START GIVEN INFORMATION
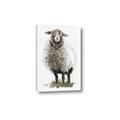 Picture of Watercolour Sheep  _GroupedProduct_Rectangle_Portrait_Canvas_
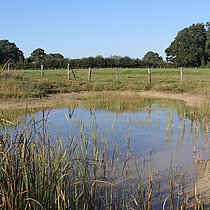 Kleingewässer
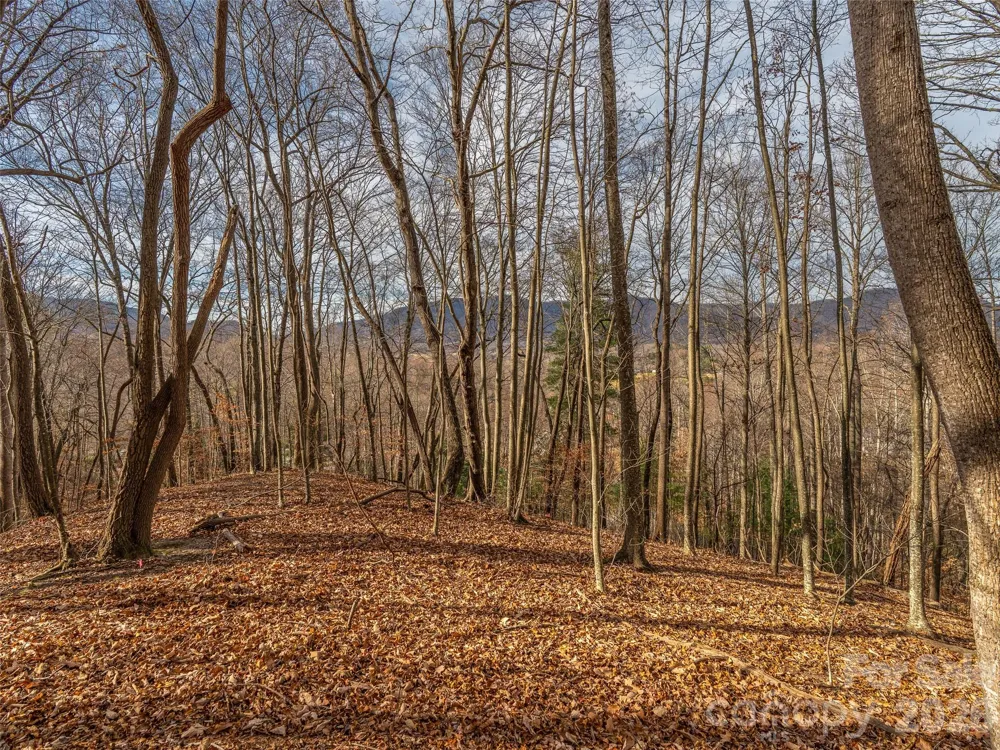 75 S Lindon Cove Road Candler, NC 28715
END GIVEN INFORMATION
INSTRUCTIONS TO FOLLOW
Find the line that contains "Kleingewässer" and repeat it, along with every line after it to the end of the data, exactly; drop the pictures.

ANSWER BOX
 Kleingewässer
 75 S Lindon Cove Road Candler, NC 28715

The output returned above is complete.